Ueberroth had an uncanny ability to fit right in with baseball’s enlightened approach to labor/management relations. In August of 1985, players struck for two days, and the net effect of the stoppage was to increase the minimum salary by $20,000, and the retention of arbitration. More famously, Ueberroth advised the owners to violate a clause of the CBA that was there because the owners insisted on it–the clause preventing collusion on the part of players or owners.

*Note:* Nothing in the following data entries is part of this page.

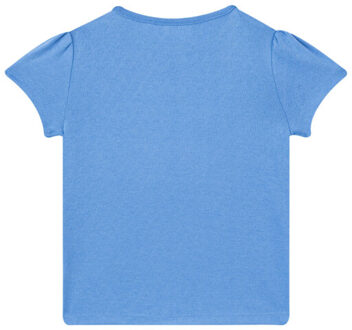 Someone T-shirt rien-sg-02-b Blauw - 116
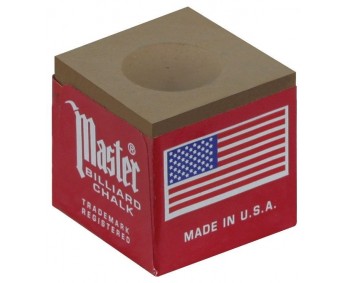 GESSETTO MASTER Oro BOX 12pcs. biliard Chalk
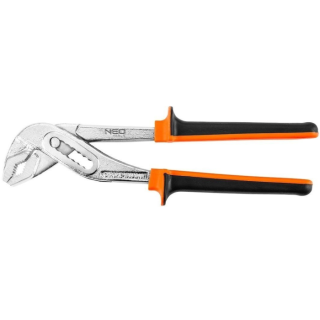 Кліщі трубні NEO Tools (250 мм, 0-45 мм) (02-401)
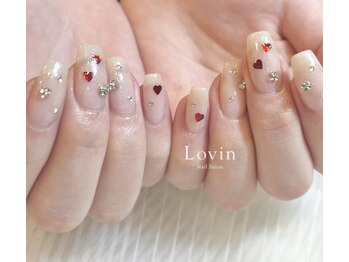 ラヴィン(Lovin)/【パラジェル】ハートネイル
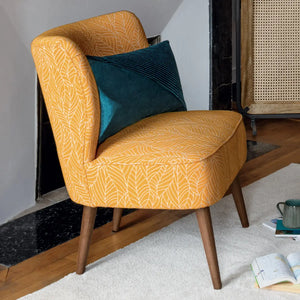 Кресло Kiara, Жълт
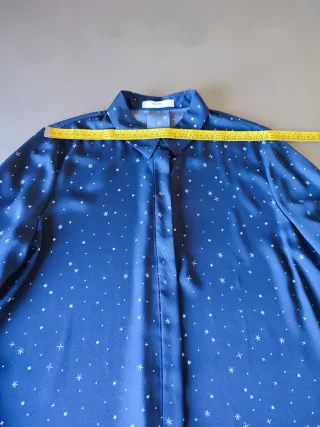 Camisa Mango Estrellas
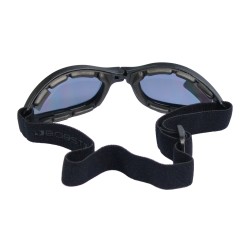 BOBSTER Biker Brille CROSSFIRE Motorradbrille für Harley-Davidson und Motorrad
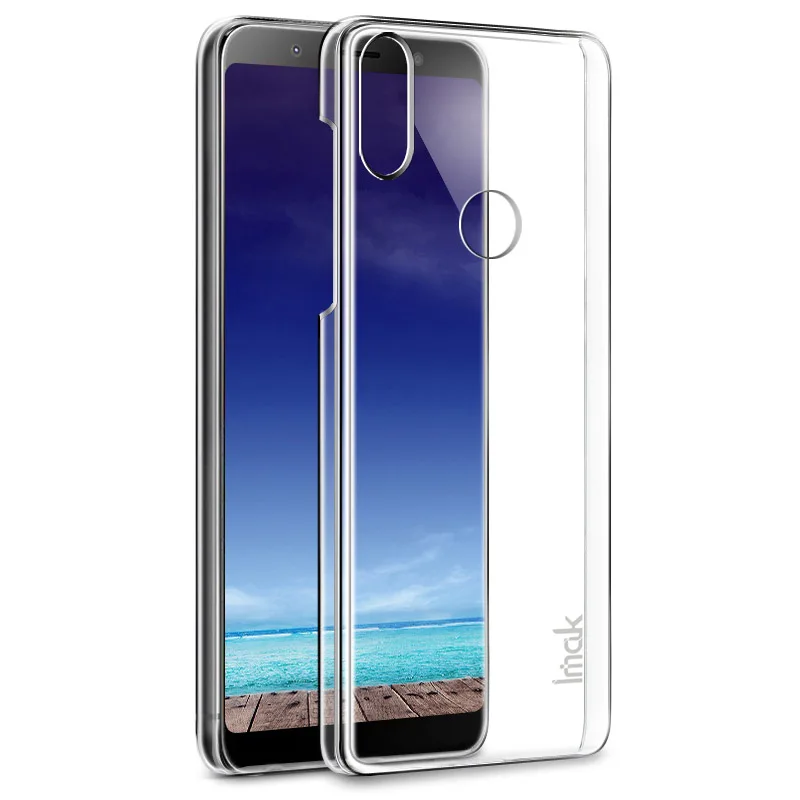 Для ASUS Zenfone MAX PRO M1 ZB601KL чехол IMAK Жесткий PC Crystal Clear задняя крышка для Asus ZB602KL телефона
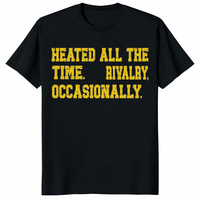 Heated rivalry sports shirt tee with funny rivalry design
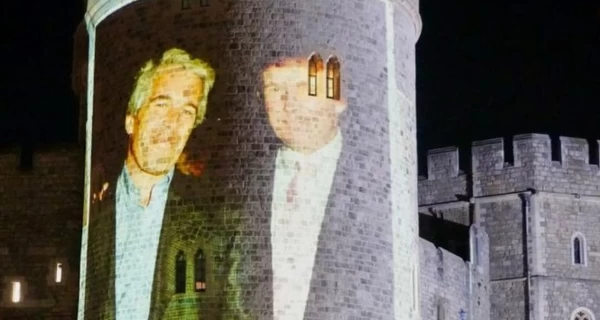 В Британии из-за проекции Трампа с Эпштейном на Виндзорский замок арестовали четырех человек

Collusion was an incredibly dumb idea, and MLB’s inept, ham-handed execution of it was downright embarrassing. After the 1984 season, 57% of eligible free agents left their teams for somewhere new. After the 1985 season, with full and obvious communication going on between owners, that number dropped to 12%– four out of 33 players moving around, with 19 of the 29 who didn’t move signing only one year deals. Smooth. This is the managerial equivalent of not having enough on the ball to slip the broken plate into the middle of the stack when you’re babysitting, or choosing the Martian Intervention Excuse over “My Dog Ate It” when confronted about your missing history homework.

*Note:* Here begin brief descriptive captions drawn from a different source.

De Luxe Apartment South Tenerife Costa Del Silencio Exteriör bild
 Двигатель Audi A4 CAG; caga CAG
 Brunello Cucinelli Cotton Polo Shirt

Not surprisingly, the players filed a grievance as was their right under the CBA, and the owners had to pony up $280,000,000 in compensatory damages. To put that in perspective, that’s about one-and-a-half times the combined profit for all MLB clubs combined–in 1990. (Financial World Estimate, from Doug Pappas’ Business of Baseball Pages.) Naturally, the damage wasn’t limited to mere financial considerations. This behavior, led and sanctioned by Ueberroth, further poisoned the relationship between owners and players, and the atmosphere of distrust remains today.

So, let’s sum up the performance of the recently departed “grownup candidate” for California Governor during his tenure in the Commissioner’s Office…

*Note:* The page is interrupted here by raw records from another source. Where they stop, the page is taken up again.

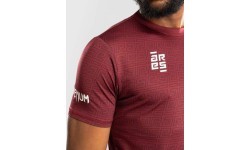 Venum x Ares Dry-Tech vīriešu krekls, bordo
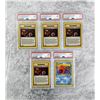 Image 1 : 1999 Pokemon Fossil 1st Edition PSA 9 Cards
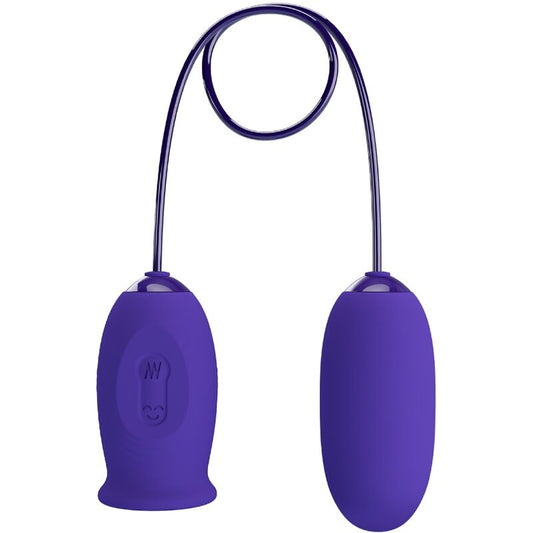 PRETTY LOVE - DAISY YOUTH RECHARGEABLE VIBRATOR STIMULATOR VIOLET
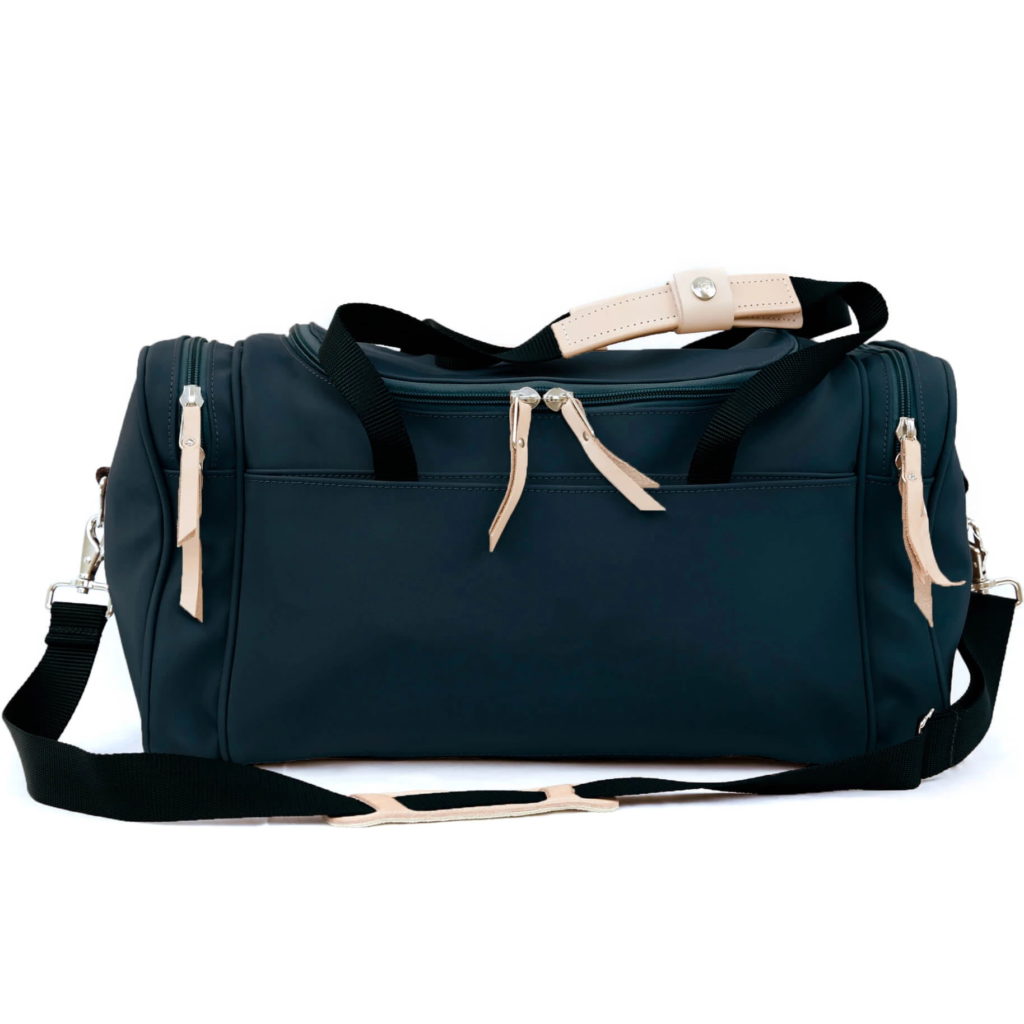 Jon Hart Small Square Duffel – Navy Jon Hart Small Square Duffel – Navy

  • Overruled a previous commissioner’s aggressive act to keep gambling and baseball starkly separate. The two players were, after all, tremendously popular, and it’s not as if any other popular baseball figures could ever see this as selective enforcement of the rules, right?
  • Stepped up enforcement of baseball’s anti-drug stance, in order to clean up the image of the game.
  • Advised owners to violate an agreement they had entered into, costing the owners many times the potential gains of their actions, and poisoning labor relations between the players and owners for years to come.

Ueberroth was, on balance, an ineffective and provincial commissioner. He had bad ideas, implemented them poorly, and demonstrated no understanding of the systemic nature of the problems and opportunities presented to him, nor any ability to even keep ownership from diverging and losing their direction. For all the criticism that Bud Selig gets, he’s actually done a good job as Commissioner. Whether you like the policies he’s pursued or not, he’s been successful in pursuing them, something that can’t be said about Ueberroth’s fumbled regime.

What does it say about the California Gubernatorial Recall that makes the public mourn the loss of a candidate whose track record makes Bud Selig look like Caesar Augustus? Forget I asked. I have to live here.